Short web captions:
^^^^^^^^^^^^^^^^

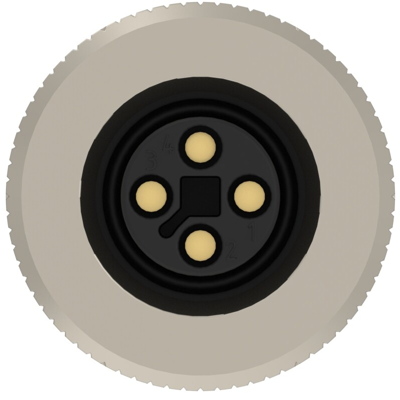3-2172097-2 TE Connectivity Other Circular Connectors Image 5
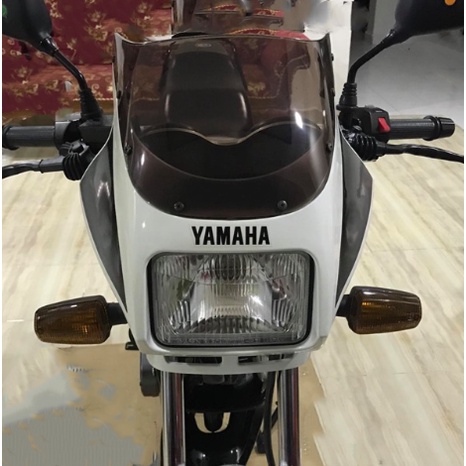 หน้ากากหน้า-yamaha-rxz-กรอบหน้า-เฟรมรถ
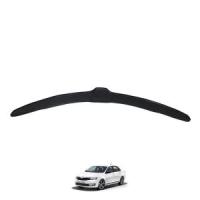 Skoda Rapid 2012-2019 Uyumlu Yedek Parça 4mm ABS Ön Kaput Koruyucu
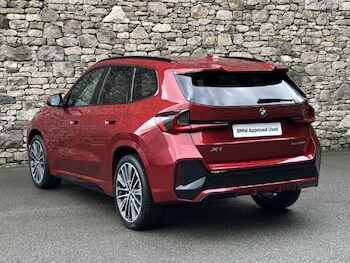 Used BMW X1 2025 for sale - 76981835: Photo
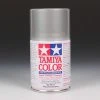 Tamiya Polycarbonate PS-36 Translucent Silver, Spray 100 Ml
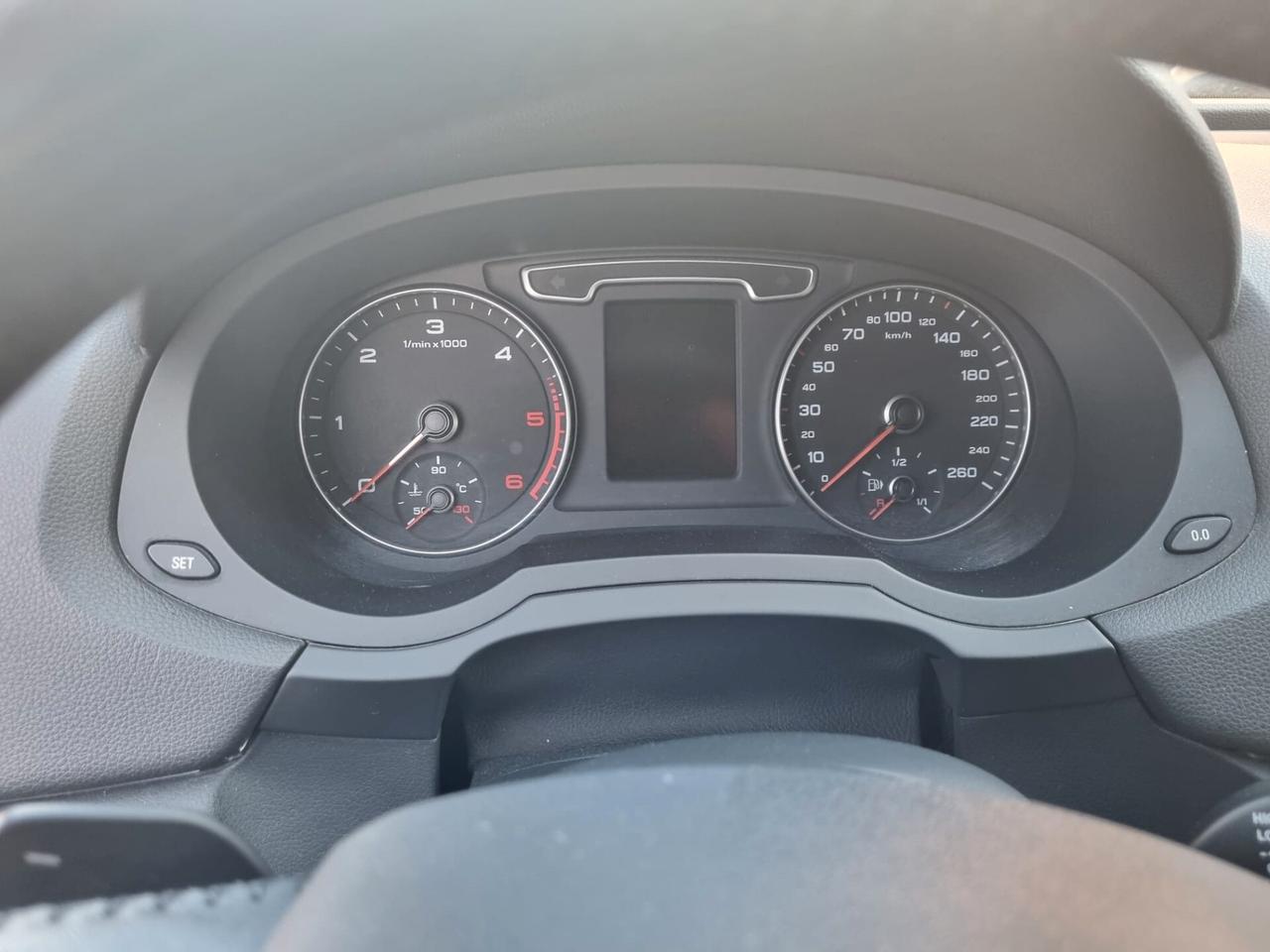 Audi Q3 2.0 TDI 177 CV quattro S tronic Advanced Plus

^^^^^^^^^^^^^^^^

WORK TO BE COMPLETED:
Your task is to write out, exactly and without pictures, only the lines from the one holding "Skoda Rapid 2012-2019" to the last line of the data.

RESPONSE TO THE TASK:
 Skoda Rapid 2012-2019 Uyumlu Yedek Parça 4mm ABS Ön Kaput Koruyucu
 Used BMW X1 2025 for sale - 76981835: Photo
 Tamiya Polycarbonate PS-36 Translucent Silver, Spray 100 Ml
 Audi Q3 2.0 TDI 177 CV quattro S tronic Advanced Plus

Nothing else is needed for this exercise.